Gelgit olayı, deniz yüzeyinin devirli hareketleridir. Güneş veya ayın, su küreye yaptığı çekim etkisiyle, deniz düzeyinin bir çeşit yükselişi, bu devirli hareketlere sebep olur. Güneşle ay, birbirlerine yaklaşırlarsa , çekim etkileri daha çok güçlenir. Bunun sonucu olarak, gelgit olayı daha kuvvetle hissedilir. Dörtleme döneminde, yani güneşle ayın birbirlerinden 90 derece uzaklaştıkları zaman, gelgit olayı hiç hissedilmez. Bu deniz düzeyinin “ölü“ olduğu dönemdir.
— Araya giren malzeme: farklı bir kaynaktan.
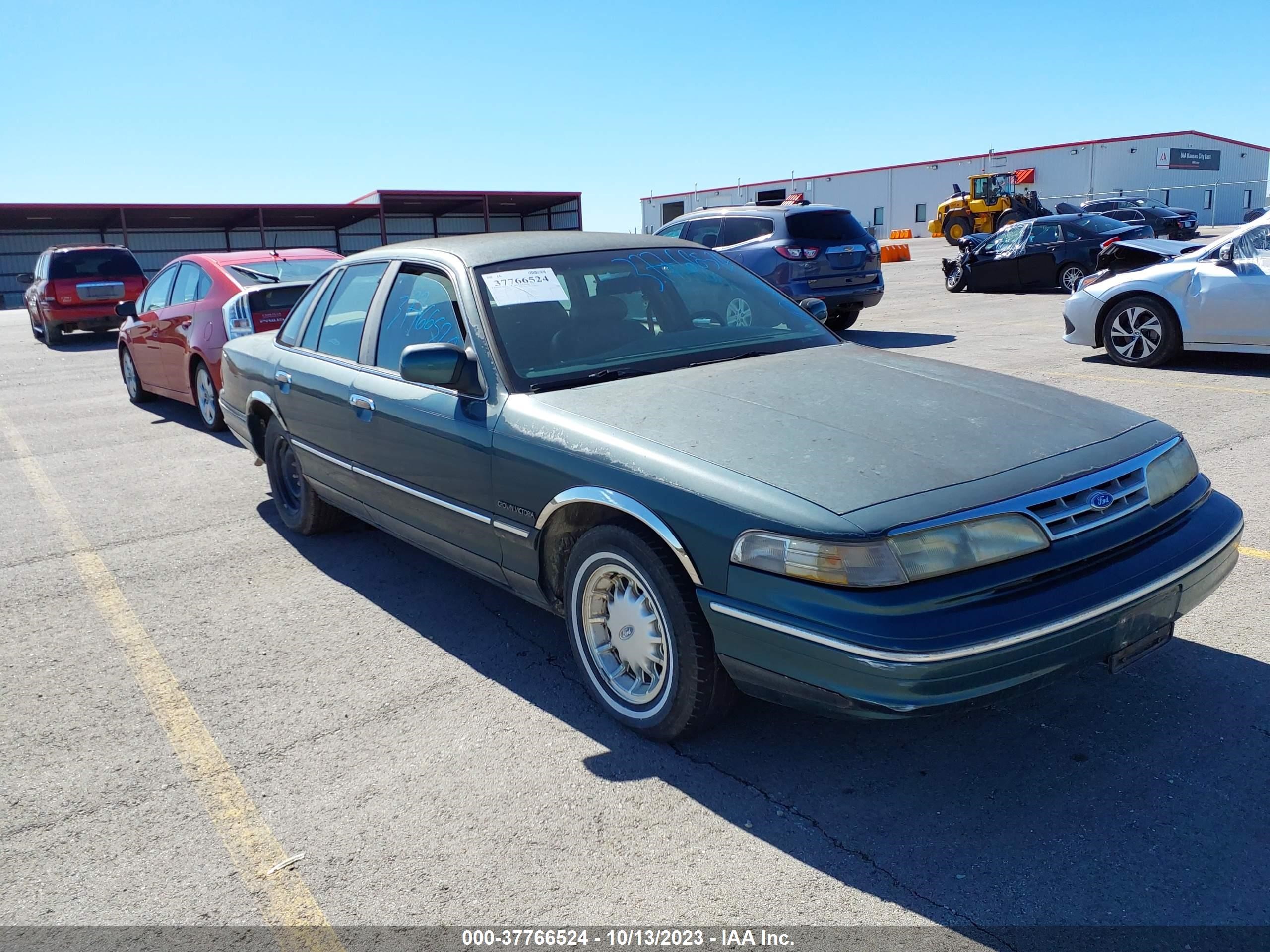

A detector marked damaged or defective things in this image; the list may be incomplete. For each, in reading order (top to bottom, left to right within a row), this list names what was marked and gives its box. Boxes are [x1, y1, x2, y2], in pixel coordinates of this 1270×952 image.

black damaged car [945, 216, 1163, 294]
Gelgit olayı, Dünya’nın çekim kuvveti ve Ay ile Güneş’in çekim kuvvetleri arasındaki etkileşimden kaynaklanır.
Ay, yakın olduğu için Dünya üzerindeki en güçlü çekim kuvvetine sahip doğal uydumuzdur. Ay’ın çekim kuvveti, Dünya’nın yüzeyindeki su kütlesini de etkiler. Ay’ın çekim kuvveti tarafından çekilen su, Dünya’nın çekim kuvveti ile denge halindedir. Bu nedenle, Ay’ın konumu, Dünya üzerindeki su seviyesini etkiler ve deniz seviyesinde belirgin bir değişikliğe neden olur. Bu değişikliğe gelgit denir.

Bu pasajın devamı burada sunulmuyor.